[QUOTE=mlfarrell;1262212]Been working on my graphics engine heavily over the past couple weeks to try to get my performance up. I wanted to post this screenshot including rendering statistics in the lower left hand corner to ask you guys whether or not this is about “par for the course” with respect to the number of draw calls I’m issuing and the number of polygons I’m trying to render. I tried implementing instanced rendering only to find that the performance actually didn’t increase at all, leading me to believe that the bottleneck here is the number of polygons I’m trying to render?
My graphics hardware is a Geforce 650m (retina MBP on OSX) at a 1280x720 resolution with vsync on.[/QUOTE]
First, if you’re trying to benchmark, turn sync-to-vblank off and render as fast as possible. The reason is sync-to-vblank typically imposes an arbitrary “stall” in your timings that messes up your timings. Also, if you’re running through a compositing window manager (Aero/DWM/etc.), turn it off so you can render and swap as fast as possible.

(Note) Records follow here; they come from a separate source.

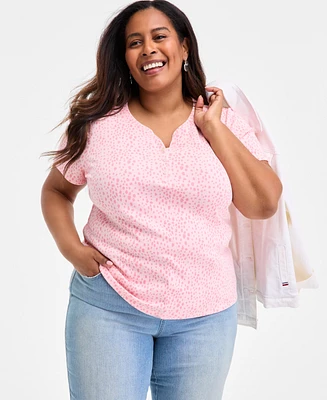 Style & Co Plus Printed Henley Short-Sleeve Top, Exclusively at Macy's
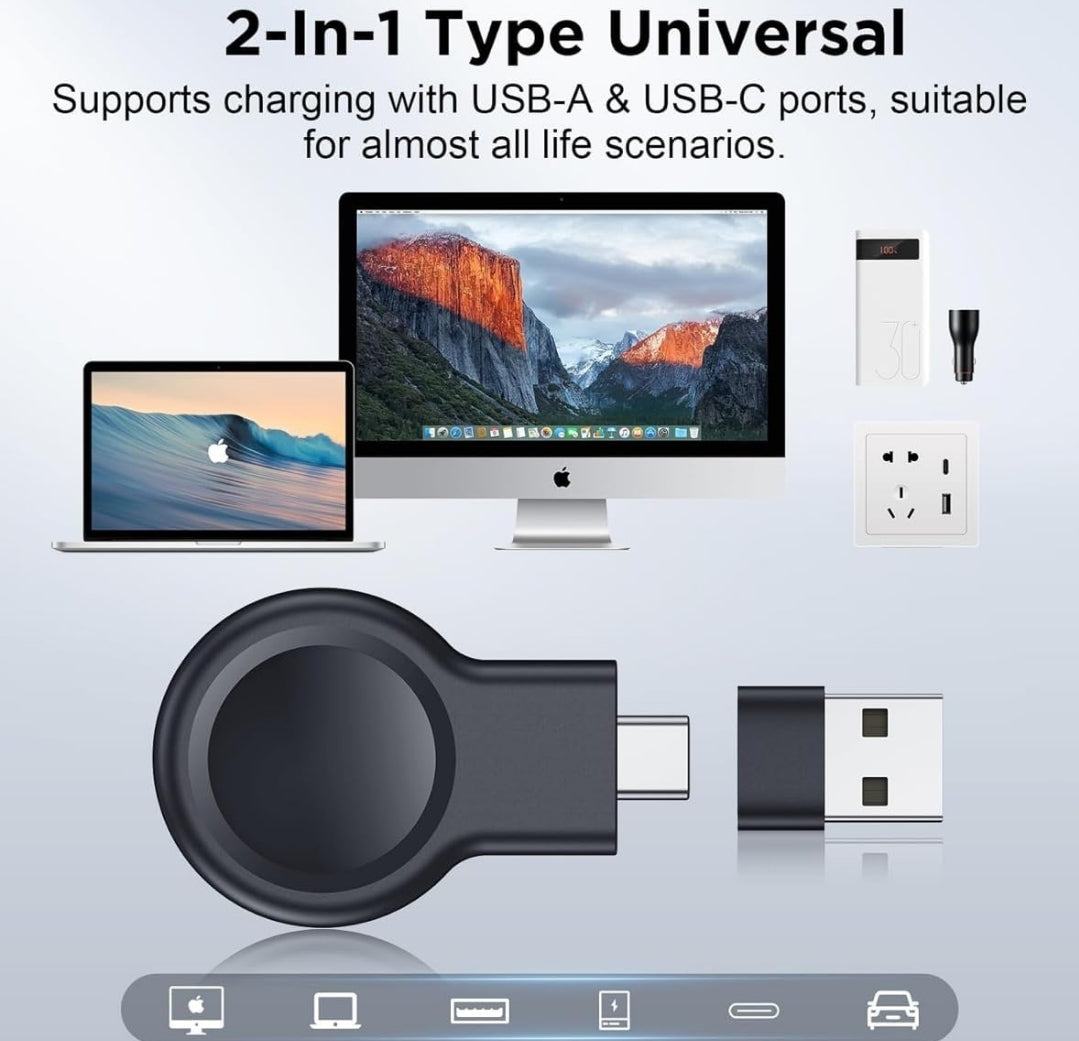Apple Watch Magnetic Portable iWatch Charger USB C Fast Wireless Charging Travel Watch Charger for iWatch Ultra2/Ultra/SE2/SE Series 10/9/8/7/6/5/4/3/2/1 (Black)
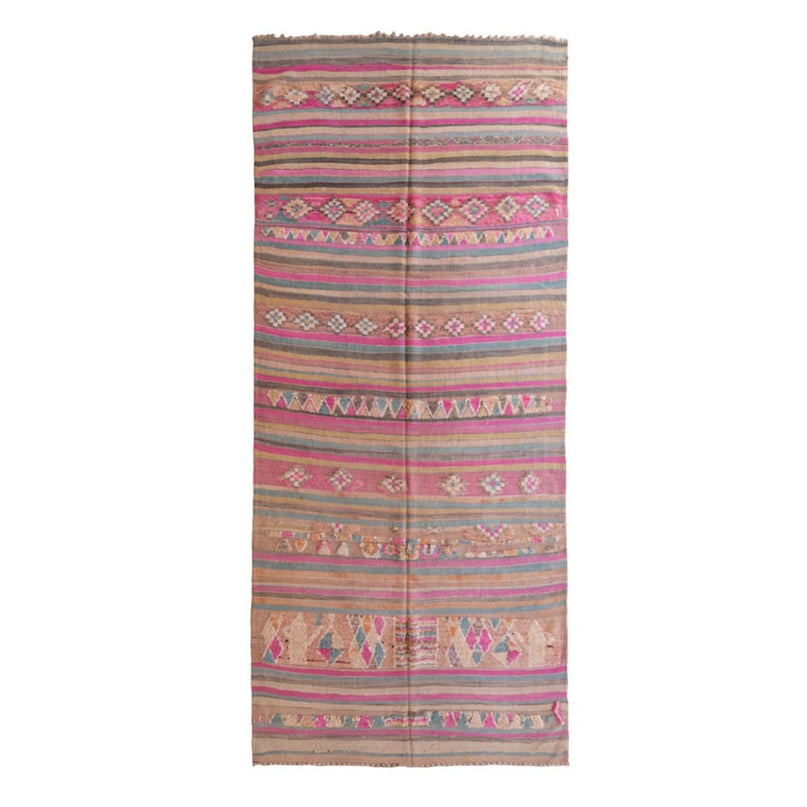 Zuiver wollen Marokkaans Kelim Berber tapijt 155 x 363 cm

Put a glFinish after swapbuffers, and time from after glFinish from the previous frame to after glFinish of the next frame. If your frame time is quite a bit faster than your target vsync interval (e.g. 16.666ms for a 60Hz LCD), then congrats! You’re done optimizing!

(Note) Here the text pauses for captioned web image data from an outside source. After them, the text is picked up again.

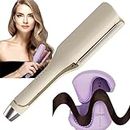 Rommantic French Egg Roll Curling Iron, arricciacapelli French Wave Curling Iron, Rommantic French Egg Roll Curling Iron, ferro arricciacapelli a forma di V, 32 mm Curling Wand (beige)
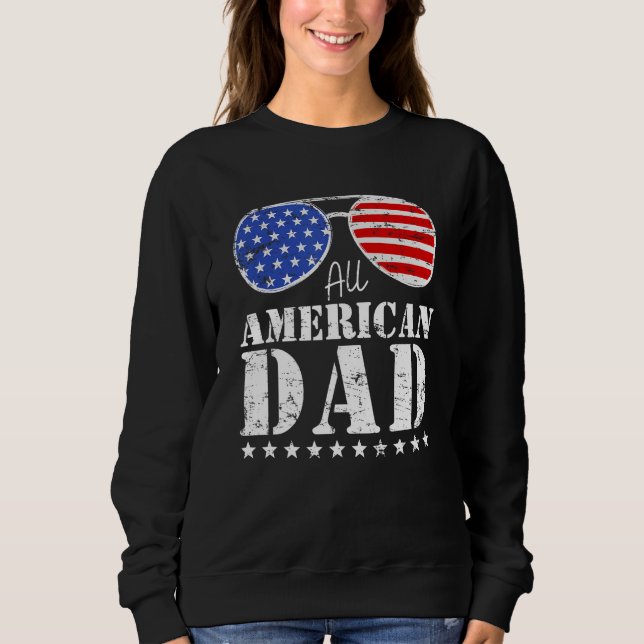 Camiseta All American Dad Matching Family 4th of July USA S (Frente)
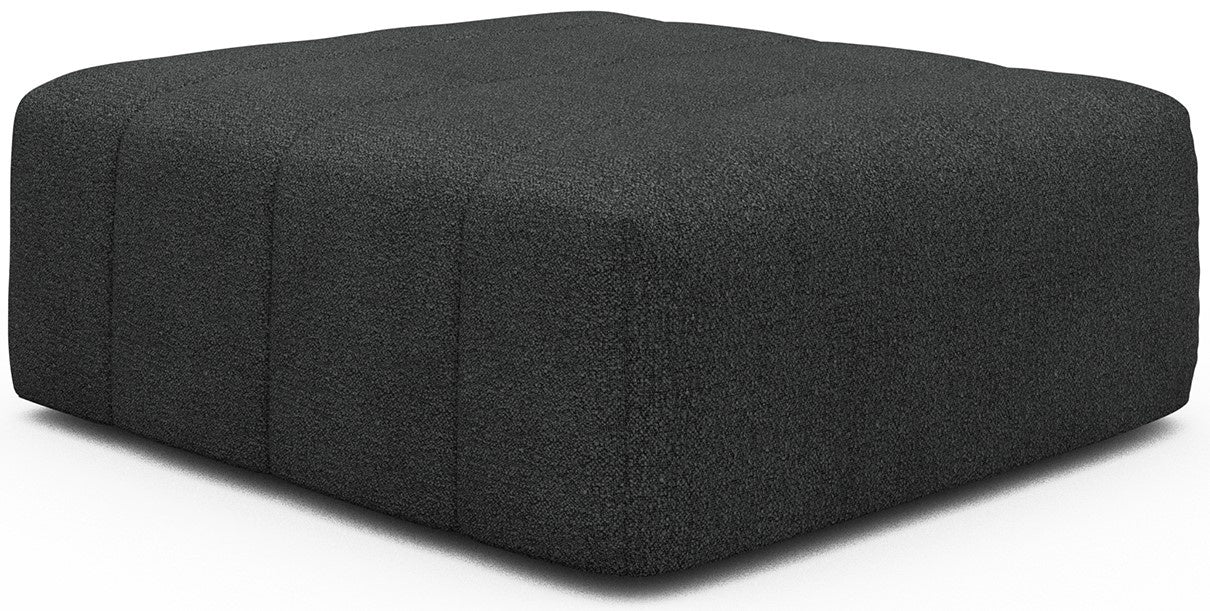 Kragelund Kornum Ottoman Houtskool Zwart Bouclé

If OTOH it’s not, or you’re just not happy with it and want to see what you can do to make it render even faster, then you need to determine what your primary bottleneck is. Note that you can/probably are bottlenecked on different things during the course of your frame, but you’re trying to size up what the most significant bottleneck is.
Try resizing your window a little around your target resolution (but rendering the same subfrustum into the world). So same triangles and state changes, just more pixels. If your frame time changes, you may be fill bound.
As to whether you may be triangle bound, I don’t know if NVidia’s mobile GeForce GPUs are like the desktop GeForces, but on the latter generally speaking (if you’re not using hardware tessellations), the GPUs can pump out at most 1 triangle per GPU core clock cycle. There you take your core clock rate, divide 1000, and that’s the max tris you can expect to generate per millisecond (ms) of draw time. If you’re pretty close to this number, you may be triangle setup bound.
If you’re making lots of state changes and/or draw calls, suspect that you might be CPU bound. “A lot” depends on the hardware you’re running on, and how fast the CPU is relative to the GPU.
If you have access to it, use a vendor profiling tool like NVidia NSight. This will likely accelerate your analysis.